### Aim of the exercise
A word-for-word copy of the listing, free of images, is the expected answer.

### Information shown
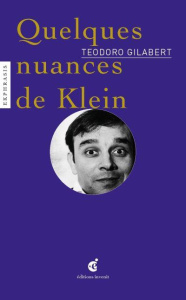 Quelques nuances de Klein - Gilabert Teodoro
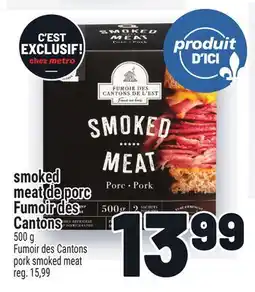 Metro SMOKED MEAT DE PORC FUMOIR DES CANTONS | FUMOIR DES CANTONS PORK SMOKED MEAT offer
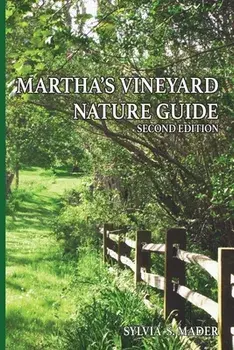 Martha's Vineyard Nature Guide: Second Edition, Paperback/Sylvia S. Mader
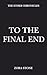 To The Final End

### Finished task
 Quelques nuances de Klein - Gilabert Teodoro
 Metro SMOKED MEAT DE PORC FUMOIR DES CANTONS | FUMOIR DES CANTONS PORK SMOKED MEAT offer
 Martha's Vineyard Nature Guide: Second Edition, Paperback/Sylvia S. Mader
 To The Final End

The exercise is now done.